Figure 3. KEGG pathways enrichment analysis of DEGs in Bemisia tabaci MED in response to TYLCV infection, ToCV infection, and TYLCV&ToCV co-infection. Bars represent the number of DEGs classified into 44 KEGG terms under 11 main categories (metabolism and detoxification, response to oxidative stress, transport, signaling pathways involved in defense response, immune response, genetic information process, carbohydrate metabolism, protein biosynthesis and metabolism, lipid biosynthesis and metabolism, energy metabolism, and others).
Validation of DEGs by RT-qPCR
To validate the data from the DGE analyses, RT-qPCR was conducted on 11 randomly selected differentially expressed genes (Figure 4).
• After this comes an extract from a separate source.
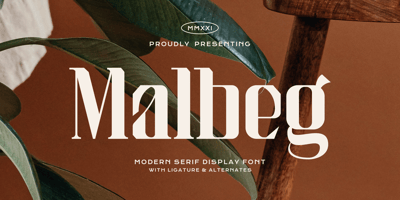 Malbeg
We analyzed the transcription profiles of nine annotated genes (BTA017585.2, vitellogenin; BTA021906.3, fatty acid oxidation complex subunit alpha; BTA001187.1, transmembrane protein; BTA009039.1, P450; BTA000144.1, cathepsin B; BTA028491.1, facilitated glucose transporter protein 1; BTA005969.2, methyltransferase; BTA009053.1, pre-mRNA-processing factor 19; BTA011510.1, lipid phosphate phosphohydrolase 1), and two genes encoding unknown proteins (BTA000384.1 and BTA004369.1). The results showed that 10 of the selected genes exhibited concordant expression patterns for both RT-qPCR and DGE (Figure 4). However, the expression trend of one gene (BTA000144.1) was inconsistent between RT-qPCR and DGE (Figure 4), which might have been due to the sensitivity of biases existing between the two methods. Nevertheless, the high consistency between the transcription profiles obtained by RT-qPCR and DGE confirmed the reliability of our DGE results.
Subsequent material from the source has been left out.